What is being asked | Everything from the line with "Çocuk Unisex Siyah" down to the line with "Handmade Burgundy &" below must be printed exactly, those two lines included. Exclude pictures.
◆ ◆ ◆ ◆
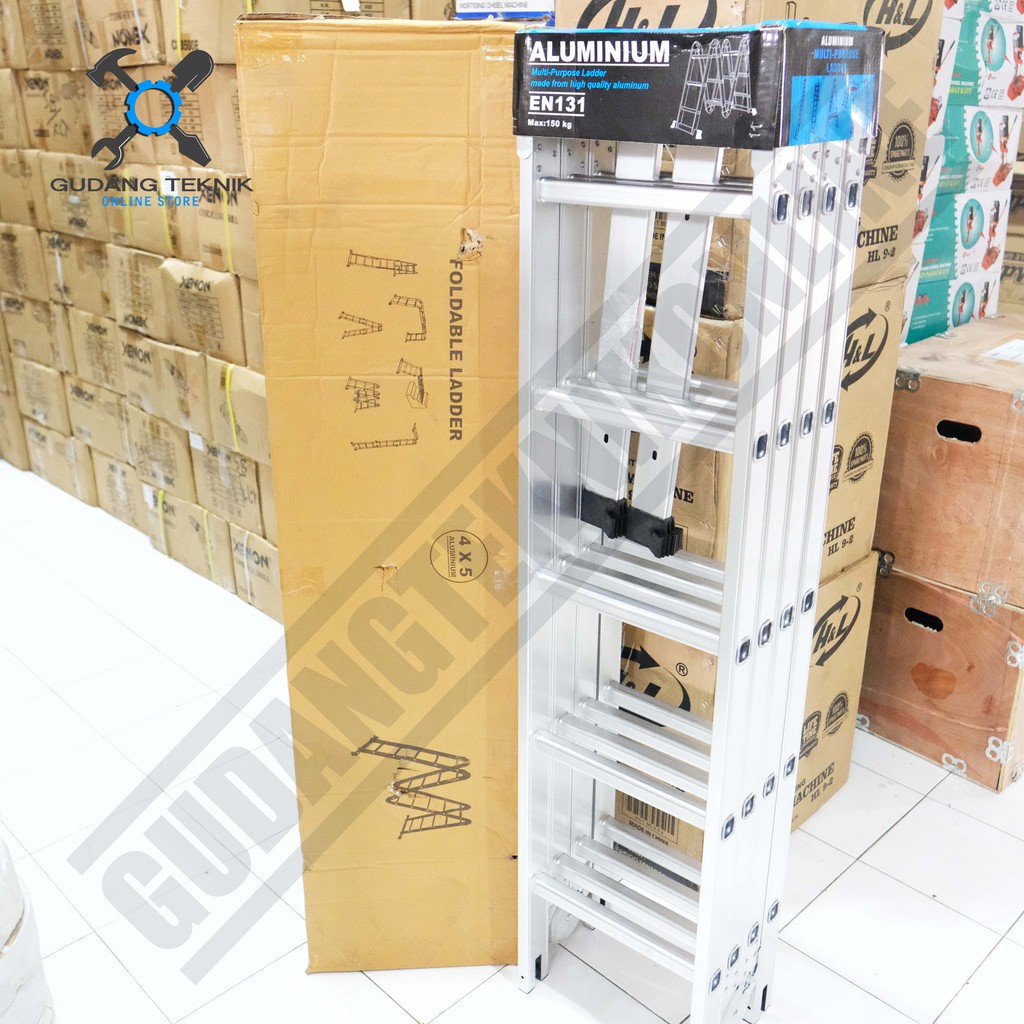 Tangga Lipat Multifungsi Aluminium Almunium 5,6M Mollar 4x5 Multipurpose Ladder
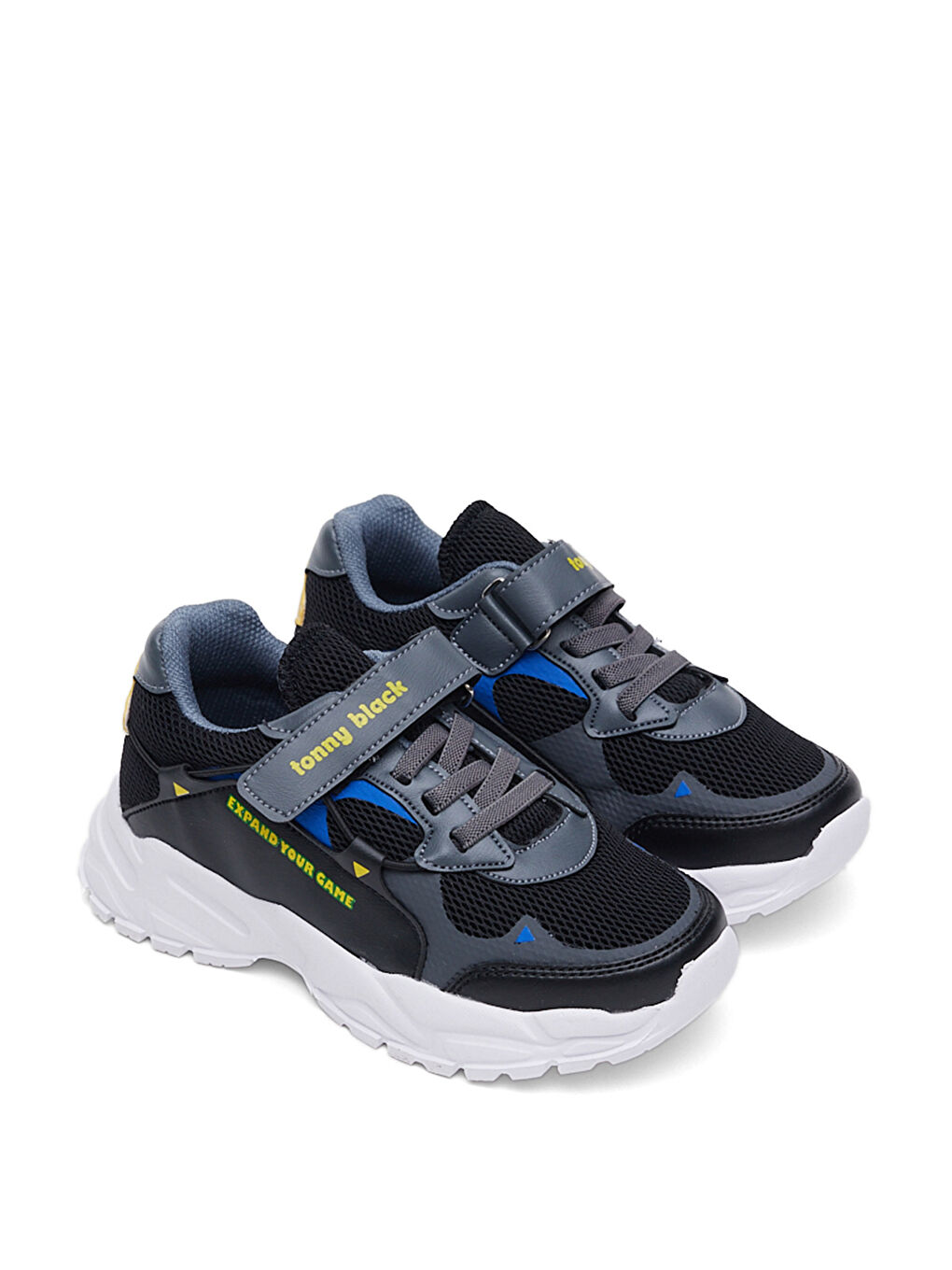 Çocuk Unisex Siyah Sarı Faylon Taban Rahat Kalıp Cırtlı Çocuk Ayakkabı-2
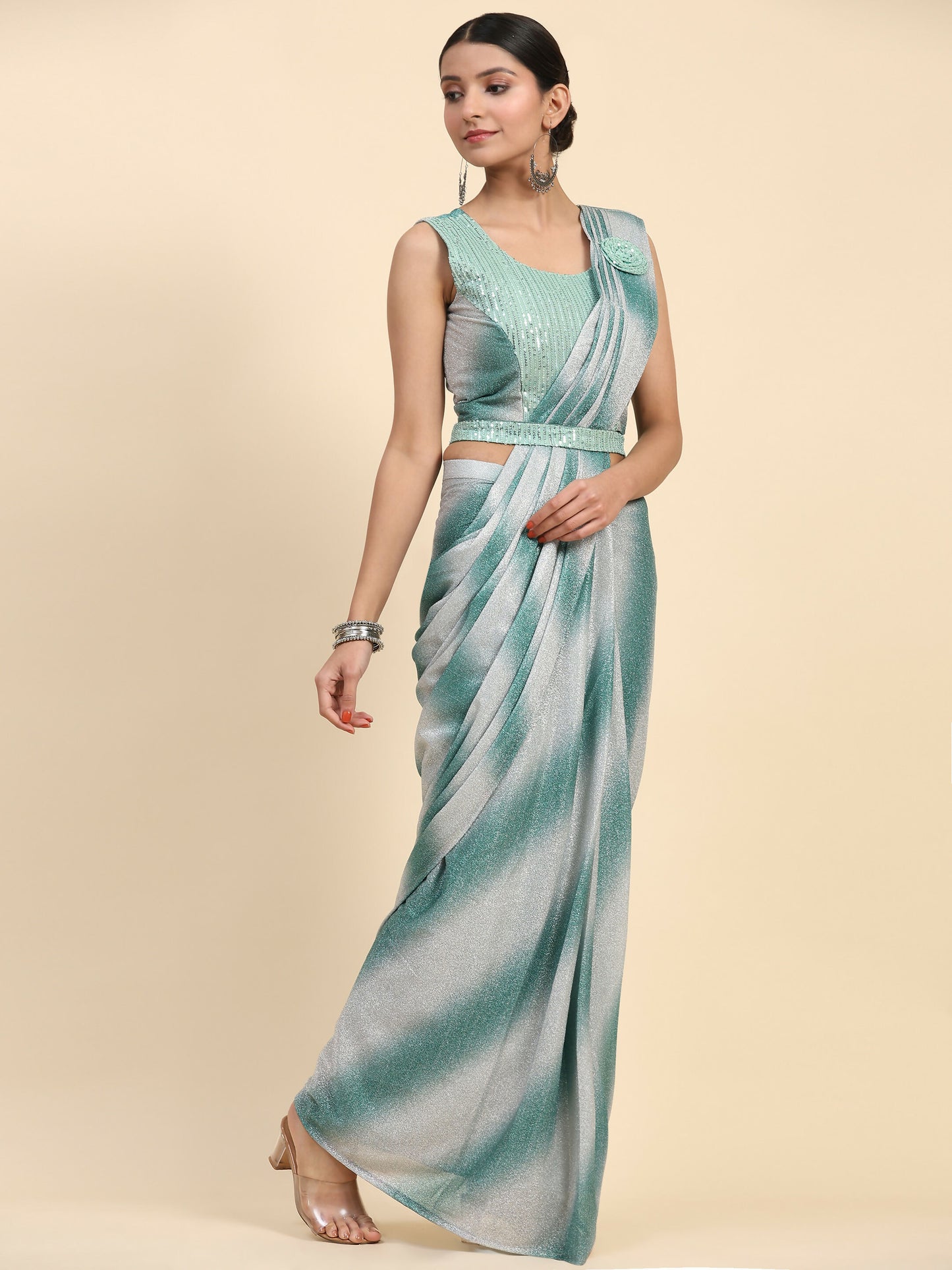 Sea Green Polyester Solid Ready to Wear Saree with stitched Blouse - Aayan - Distacart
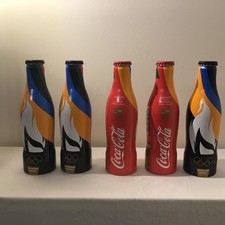 Original London 2012 Olympic 2x Cola, 3x Coke Zero bottles Limited Edition, New 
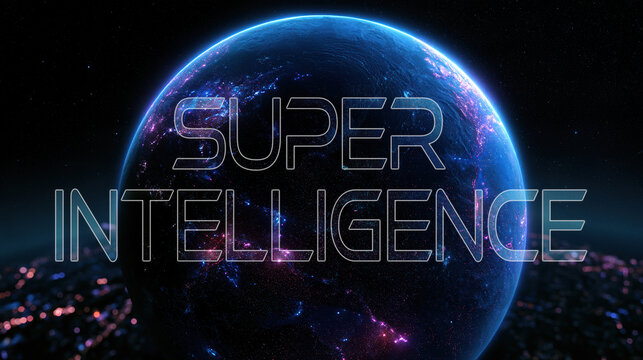 Super intelligence artificial AI globe technology digital network future data glowing space earth concept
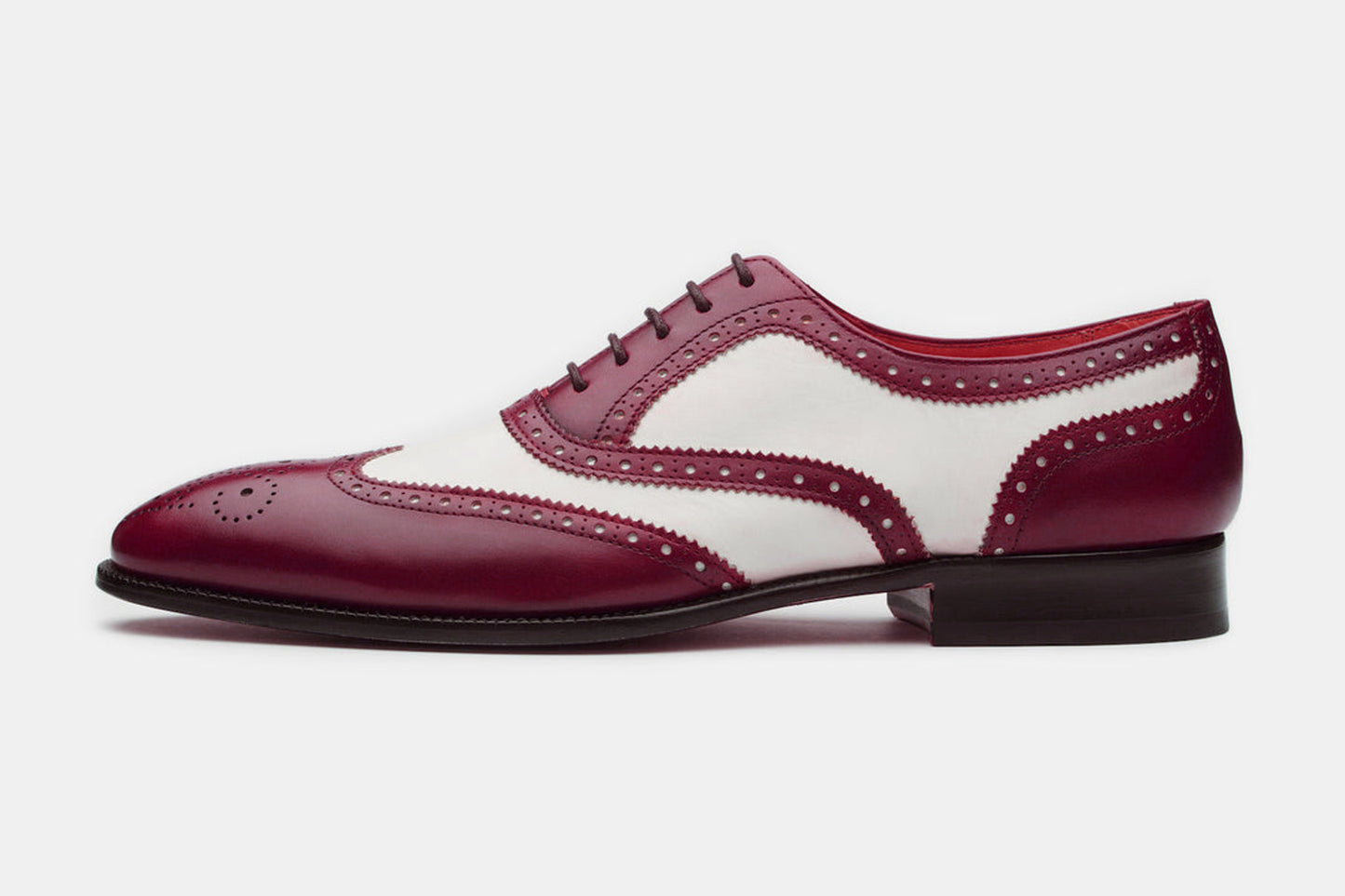 Handmade Burgundy & White Color Genuine Leather Wing Tip Brogues Stylish Oxfords Dress Shoes For Men's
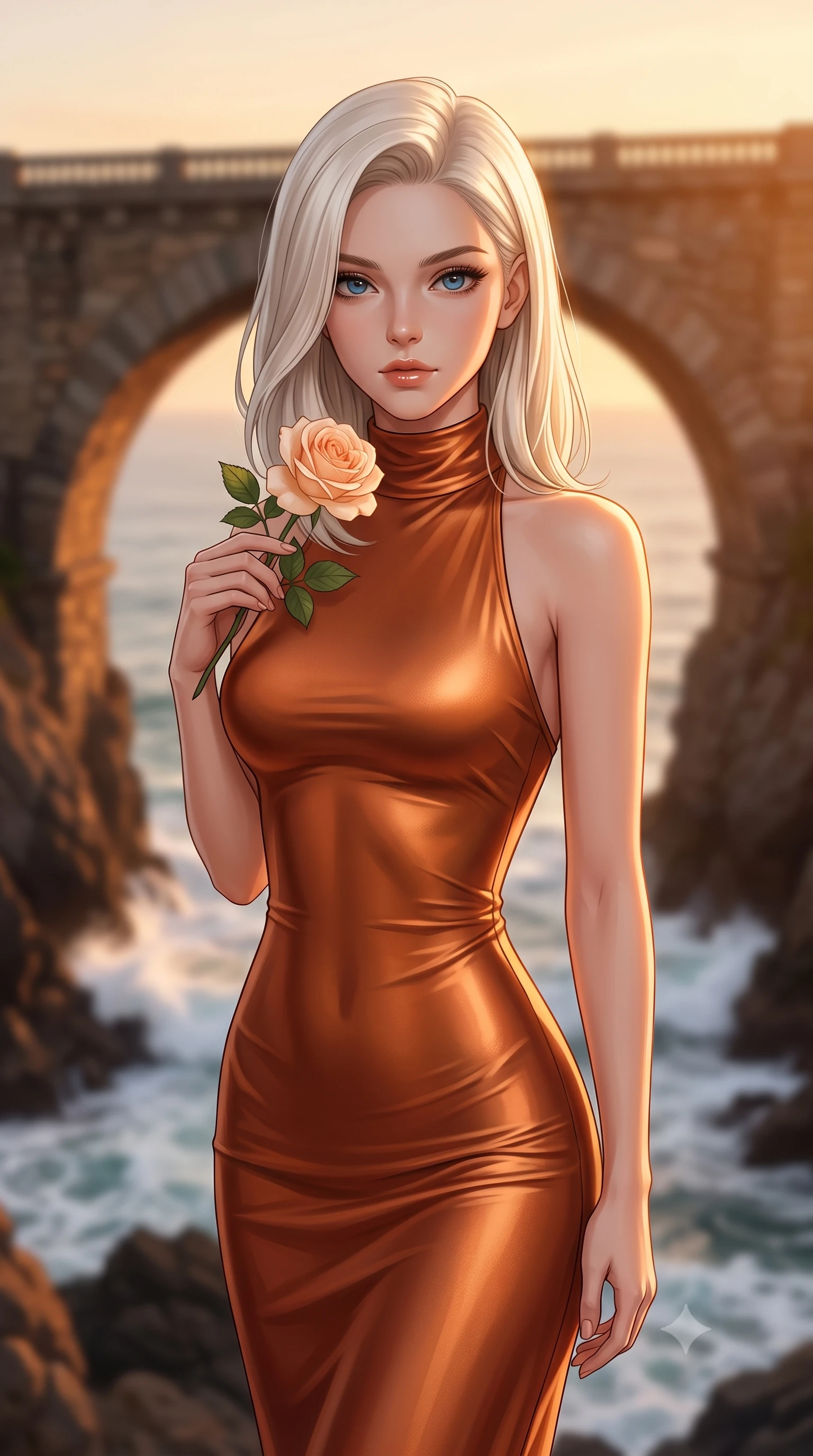 score_9, masterpiece, best quality, ultra-detailed, high-budget anime keyframe, editorial fashion photography, tasteful artistic composition, Caucasian woman woman. close-up cowboy shot from the waist and thighs up, the character dominates the composition, filling the frame with her large presence, background elements kept in soft focus. gazing directly at the viewer with a calm and welcoming expression, holding a fresh flower the background shows a soft-focus a natural stone arch bridge facing a dramatic rocky bay with breaking white waves. She has an exceptionally elegant, slender, and willowy female figure with an ultra-slim waist, a gracefully sculpted slender torso, and a refined silhouette. sharp v-shaped jawline, high-bridge nose, intricate jewel-like eyes with depth, thick eyelashes, glossy lips with a natural sheen. wearing a form-contouring form-fitting high-neck maxi dress in liquid copper jersey, clinging to her slender frame. the golden hour sunset creating a warm, majestic amber wash. 2k, ultra detail, master piece, 9:16 ratio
◆ ◆ ◆ ◆
Expected answer |
 Çocuk Unisex Siyah Sarı Faylon Taban Rahat Kalıp Cırtlı Çocuk Ayakkabı-2
 Sea Green Polyester Solid Ready to Wear Saree with stitched Blouse - Aayan - Distacart
 Original London 2012 Olympic 2x Cola, 3x Coke Zero bottles Limited Edition, New 
 Super intelligence artificial AI globe technology digital network future data glowing space earth concept
 Handmade Burgundy & White Color Genuine Leather Wing Tip Brogues Stylish Oxfords Dress Shoes For Men's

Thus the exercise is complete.